** Opening RECORDS FOR PROCESSING block **

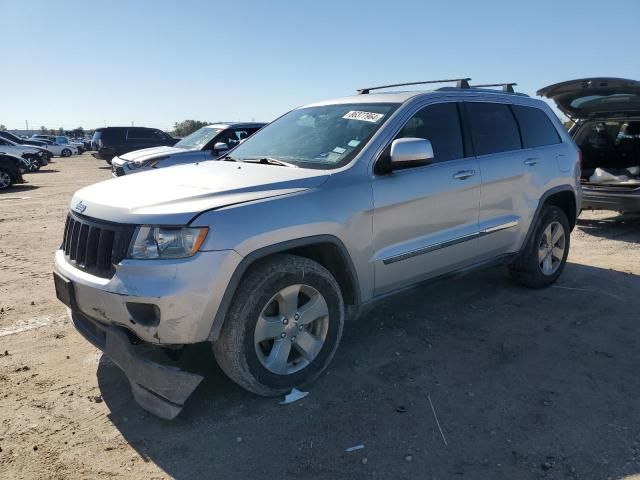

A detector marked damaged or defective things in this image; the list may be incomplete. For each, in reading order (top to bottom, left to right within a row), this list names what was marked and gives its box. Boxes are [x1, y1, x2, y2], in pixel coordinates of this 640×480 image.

damaged front bumper [69, 310, 201, 418]
detached bumper piece [70, 312, 201, 420]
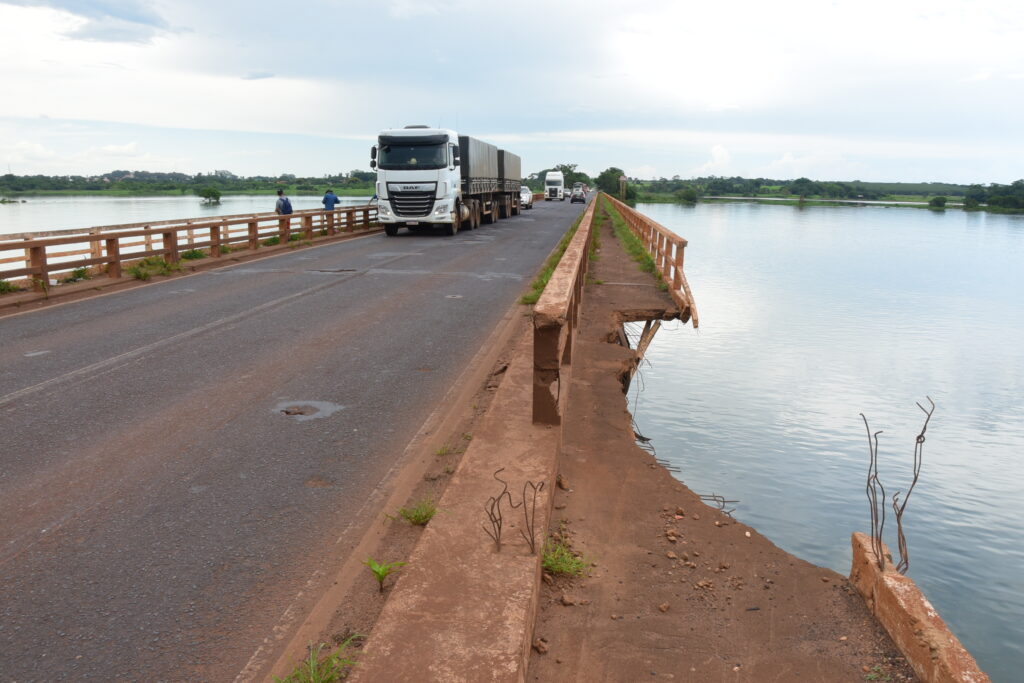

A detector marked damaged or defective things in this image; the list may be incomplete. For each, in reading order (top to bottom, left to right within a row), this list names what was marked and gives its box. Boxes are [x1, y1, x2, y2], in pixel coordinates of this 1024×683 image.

broken railing section [1, 206, 376, 294]
broken railing section [532, 197, 598, 421]
broken railing section [602, 194, 700, 327]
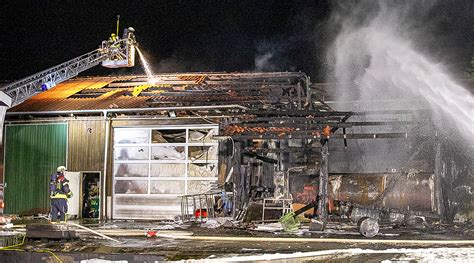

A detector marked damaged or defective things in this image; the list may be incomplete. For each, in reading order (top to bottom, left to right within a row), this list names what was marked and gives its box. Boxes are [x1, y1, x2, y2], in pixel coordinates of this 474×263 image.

fire-damaged barn [1, 72, 472, 229]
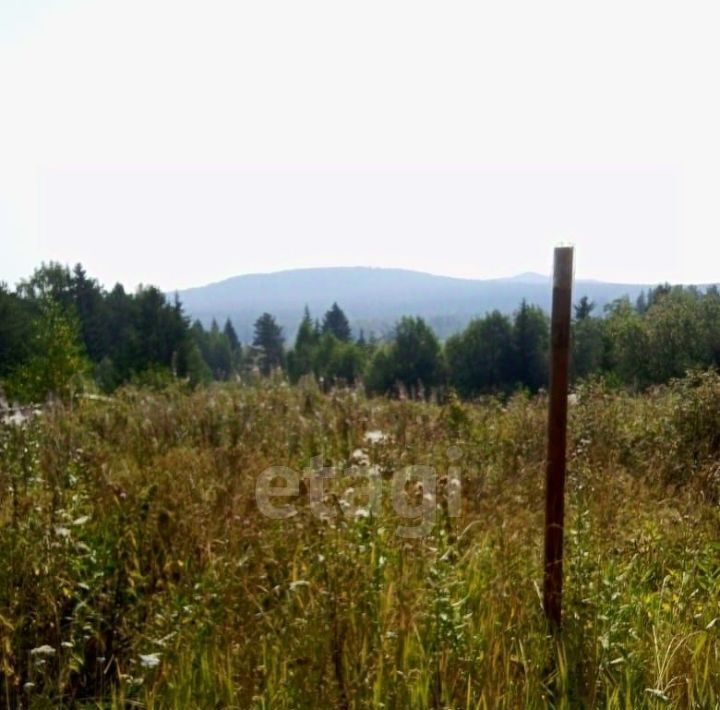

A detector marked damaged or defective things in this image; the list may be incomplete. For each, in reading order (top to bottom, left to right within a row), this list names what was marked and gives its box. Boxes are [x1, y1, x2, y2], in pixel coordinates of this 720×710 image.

rusty metal pole [544, 246, 572, 636]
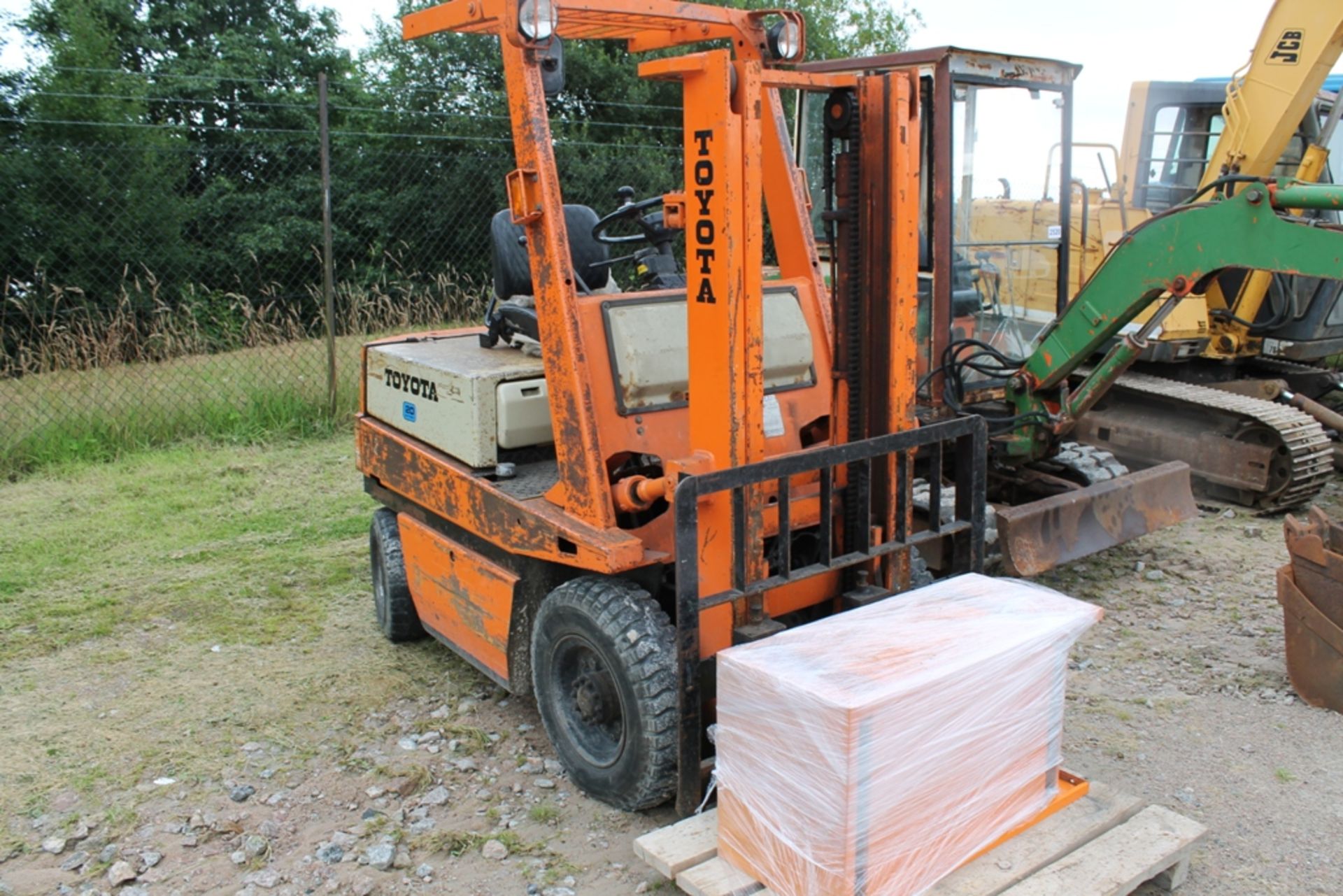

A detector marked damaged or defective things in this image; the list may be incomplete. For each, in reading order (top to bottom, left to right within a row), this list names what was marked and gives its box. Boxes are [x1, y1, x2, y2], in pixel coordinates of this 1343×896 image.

rusty orange paintwork [395, 515, 516, 682]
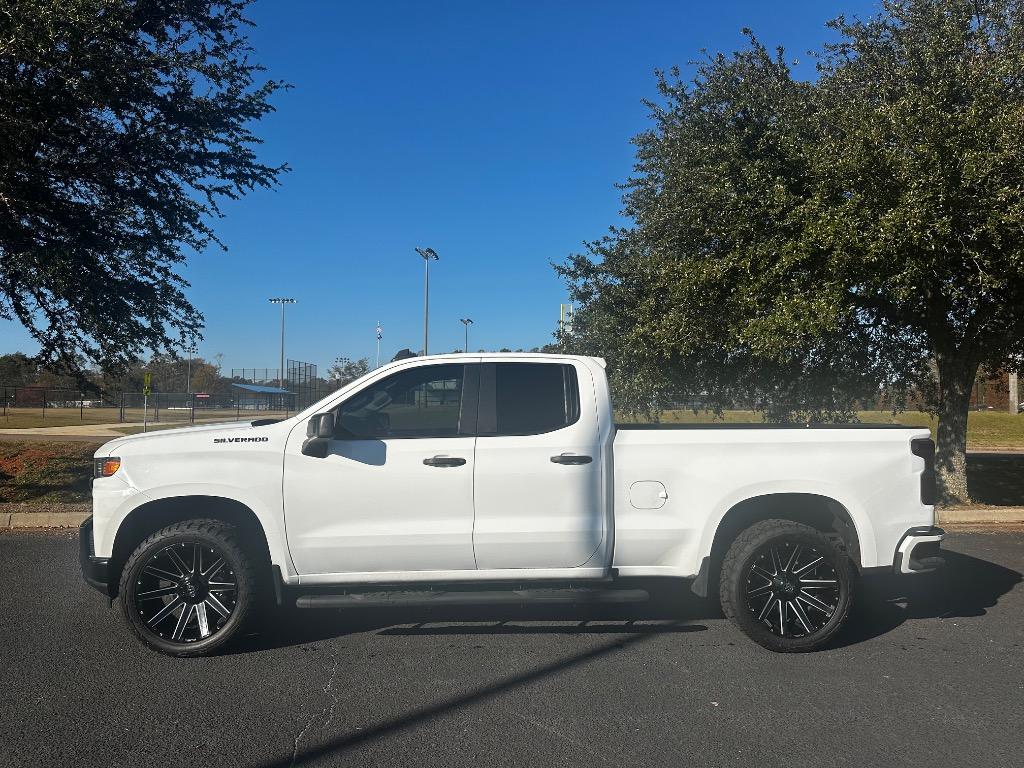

** Closing RECORDS FOR PROCESSING block **

### WORK ITEM:
I'd like every record above written out again exactly, without the pictures.

### SOLUTION BELOW:
A detector marked damaged or defective things in this image; the list may be incomplete. For each, in reading order (top to bottom, left to right within a row), this list names what was marked and gives its box. Boxes are [x1, y1, x2, y2], in pixel coordinates of this 640×480 image.

damaged front bumper [69, 310, 201, 418]
detached bumper piece [70, 312, 201, 420]

A detector marked damaged or defective things in this image; the list may be incomplete. For each, in reading order (top to bottom, left to right within a row), this list names what was marked and gives its box. Boxes are [x1, y1, x2, y2], in pixel coordinates of this 1024×683 image.

broken railing section [1, 206, 376, 294]
broken railing section [532, 197, 598, 421]
broken railing section [602, 194, 700, 327]

A detector marked damaged or defective things in this image; the list may be incomplete. For each, in reading order (top to bottom, left to right within a row), this list names what was marked and gives its box. Boxes are [x1, y1, x2, y2], in pixel coordinates of this 474×263 image.

fire-damaged barn [1, 72, 472, 229]

A detector marked damaged or defective things in this image; the list may be incomplete. For each, in reading order (top to bottom, left to right within a row), this list names what was marked and gives its box. Boxes are [x1, y1, x2, y2], in pixel coordinates of this 720×710 image.

rusty metal pole [544, 246, 572, 636]

A detector marked damaged or defective things in this image; the list may be incomplete. For each, in reading order (top to bottom, left to right within a row), this list names what was marked and gives its box. Boxes are [x1, y1, x2, y2], in pixel coordinates of this 1343×896 image.

rusty orange paintwork [395, 515, 516, 682]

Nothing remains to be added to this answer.